Они подъехали к аэродрому. На подъездах, где еще недавно дежурили афганские посты, лениво поднимали шлагбаум горбоносые, лиловые от холода солдаты, теперь стояли десантники в плотных теплых бушлатах, розоволицый, с золотистыми усиками сержант проверял документы, а из грязного проулка выглядывала могучая пушка гусеничной самоходки, обнюхивала подъезжавшие машины.
Они выкатили на взлетное поле, на котором стояли под разгрузкой транспорты. Из них осторожно съезжали зеленые фургоны, радиостанции, тягачи – снаряжение десантировавшейся накануне дивизии.
У дальнего терминала застыл самолет с обвисшими лопастями.
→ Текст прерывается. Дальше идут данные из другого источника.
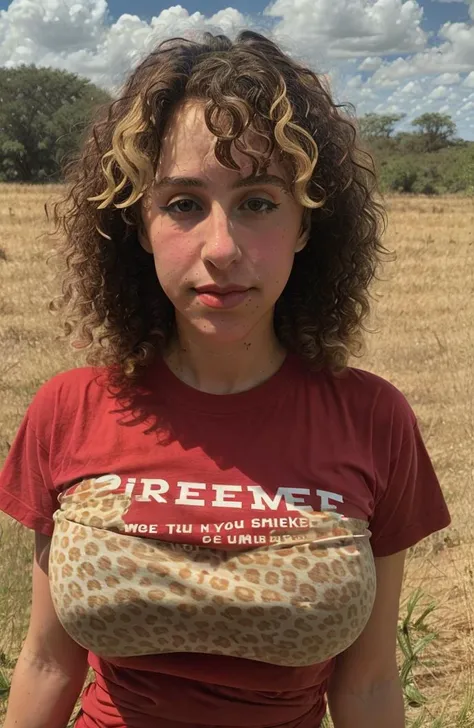 Psycheswings, masterpiece, best quality, 1girl, skinny, (smile), closed mouth, waist up, huge breasts, black eyes, blonde hair, red lipstick, closed mouth, looking at viewer, full length tshirt, wet shirt, background: Exotic savannah grassland<lora:Psycheswings-000003:1>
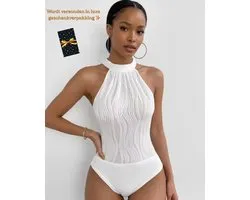 Body Dames – Elegante Witte Halter Body – Luxe Kwaliteits Bodysuit – Sexy Festival Look – Clubwear – Verfijnde Witte Lingerie Top – Stretch & Shaping – Lingerie Body Erotisch – Sexy Body – Bodystocking – Statement Piece – Maat XS/S, M, L, XL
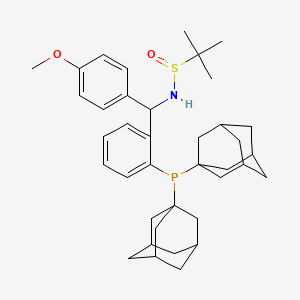 molecular formula C38H52NO2PS B15157218 N-({2-[bis(adamantan-1-yl)phosphanyl]phenyl}(4-methoxyphenyl)methyl)-2-methylpropane-2-sulfinamide 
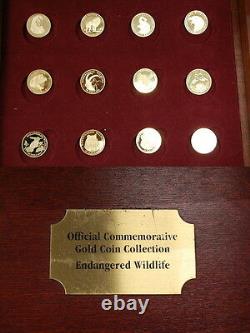 12 Goldmünzen Cook-Islands, Bahamas, Bhutan, Salomonen, Endangered wildlife PP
Под крыльями расхаживали часовые – вскинули автоматы, когда грузовики и «тойота» подкатили к хвосту со звездой.
Из самолета по трапу спустился человек в невоенной кожанке. Они переговорили с Татьянушкиным, поднялись на борт, исчезли в овальном проеме.
Калмыков наблюдал, как топчутся под крыльями часовые, как ползает по далекой горе пятно солнца. Его мучил озноб, он старался вернуть недавнее ощущение сна, прикосновение женской теплой груди, скольжение щекочущих тонких волос.
Татьянушкин спустился по трапу, поманил его. Из теплой кабины, ежась, он вышел на ветряной холод.